Plan would give D.C. a House vote
WASHINGTON — For decades, efforts to give the District of Columbia a voting representative in Congress have run into a brick wall. Constitutional amendments failed to win the states’ support. Ad campaigns about “taxation without representation” did not help the cause.
Now, unexpected political forces are aligning behind a plan to give the district a House vote -- along with a new seat in Congress for Utah -- when lawmakers return for their lame-duck session in early December.
“This is closest we’ve come in at least 30 years,” said Ilir Zherka, executive director of DC Vote, an umbrella lobbying group. “The stars are aligned on this.”
The unlikely union of the District of Columbia and Utah is the brainchild of Rep. Thomas M. Davis III (R-Va.). Davis, who represents the district’s Virginia suburbs, said he offered his proposal to “take the partisanship out of this.”

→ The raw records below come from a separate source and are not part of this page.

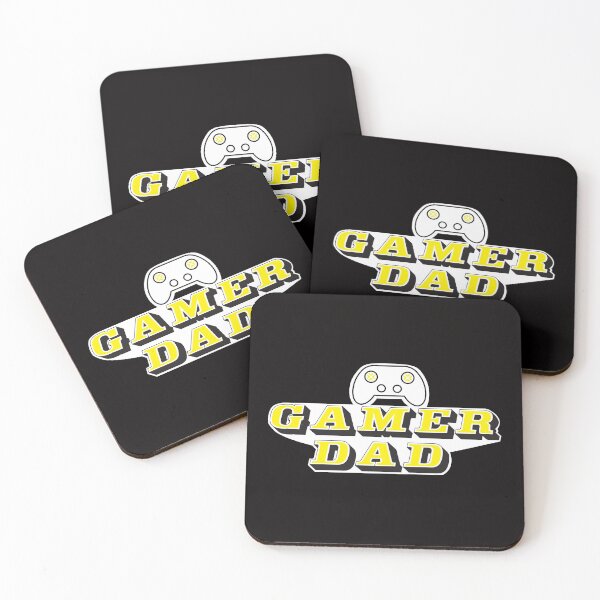 Item preview, Gamer Dad designed and sold by playerpup.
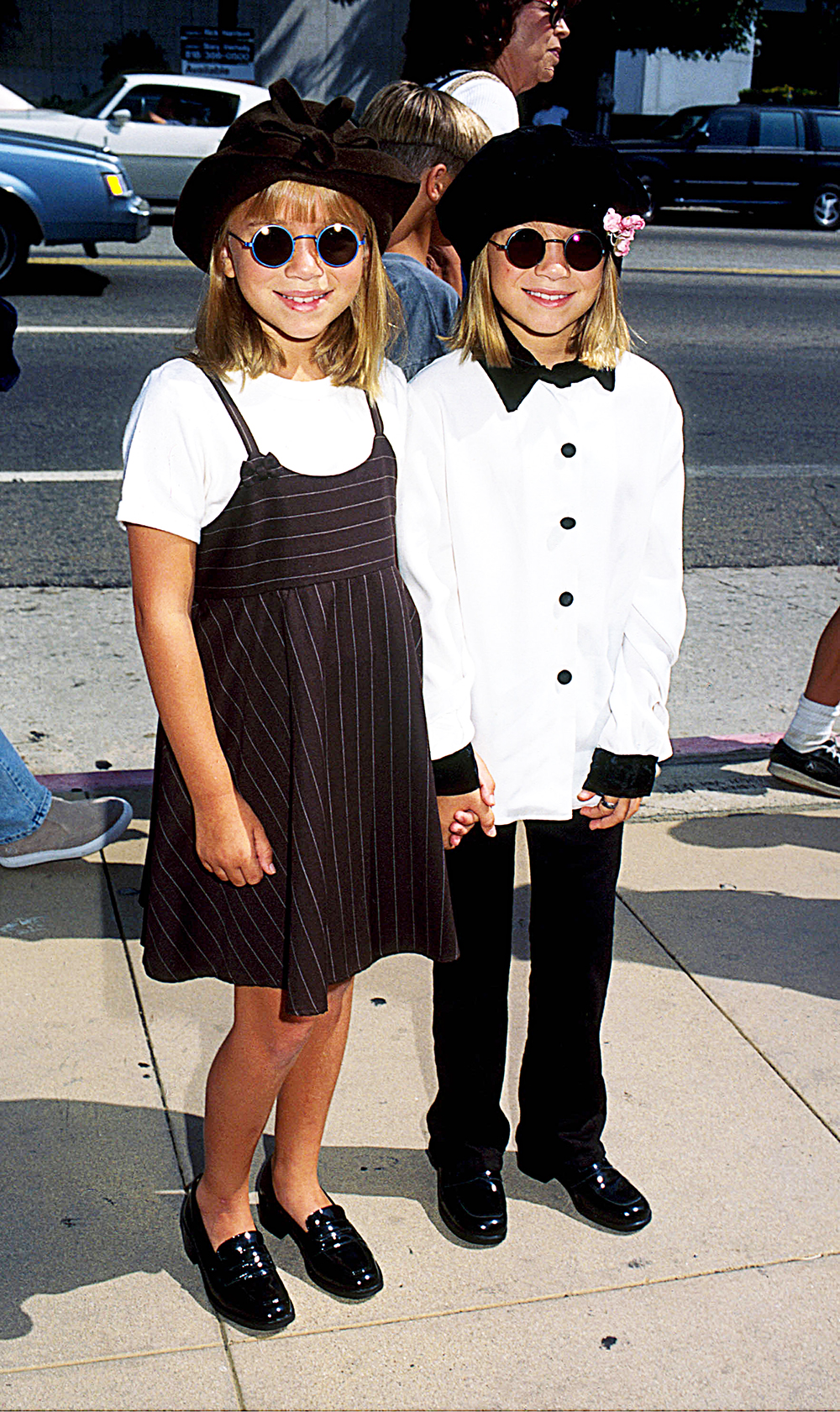 Mary-kate Olsen and Ashley Olsen 1996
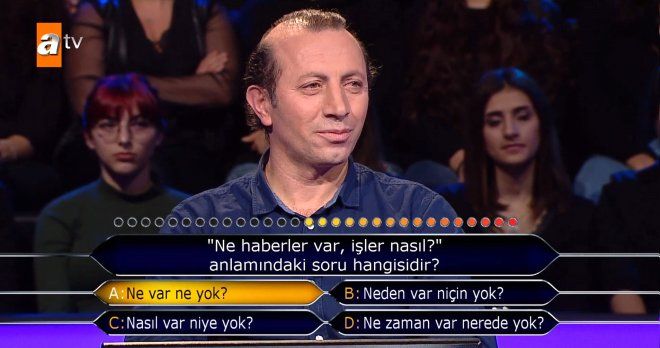 Topkapı Sarayı'nda çalışan işçi Milyoner'e damga vurdu! 4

Efforts to empower D.C. residents in the past always came up against the partisan reality that Republicans were unlikely to vote for a safe Democratic seat for the district, a Democratic stronghold with a 57% African American population.
The problem for Utah is that the 2000 census left it 857 residents short of getting a fourth member of Congress -- a decision the state protested to the U.S. Supreme Court, saying the census failed to count the thousands of Mormons serving abroad as missionaries. Utah lost the case.
For the district, not being declared a state by the founding fathers means the city’s 515,000 residents pay federal taxes, cast votes in presidential elections and serve in the military without having a voting member in either the House or the Senate. The district does have a nonvoting at-large representative, Democrat Eleanor Holmes Norton.
By balancing the district with reliably Republican Utah, Davis won bipartisan approval in May by the Government Reform Committee for his bill, which would raise the total number of House members to 437.
In the House Judiciary Committee, legal experts questioned the legitimacy of giving Utah an at-large seat, which was the plan at the time because Utah Gov. Jon Huntsman Jr. balked at enacting a redistricting plan to carve out a fourth district.
But after Democrats swept to power in the midterm election, some officials in Utah worried about their cause in the new Congress. So the governor called the Legislature into special session, beginning next week, to approve a four-district map.
“I’m confident we can do that,” said state Sen. Curt Bramble (R-Provo), incoming majority leader in the Utah State Senate. “Whether or not Congress will act, that’s out of our control.”
The folks at DC Vote are banking on it. They have an ad campaign to move public opinion -- after their polls found that 78% of Americans thought D.C. residents already had congressmen and senators. And they are lobbying the Senate, where they say their best weapon is Jack Kemp, the former congressman and vice presidential candidate who has been privately buttonholing his former colleagues.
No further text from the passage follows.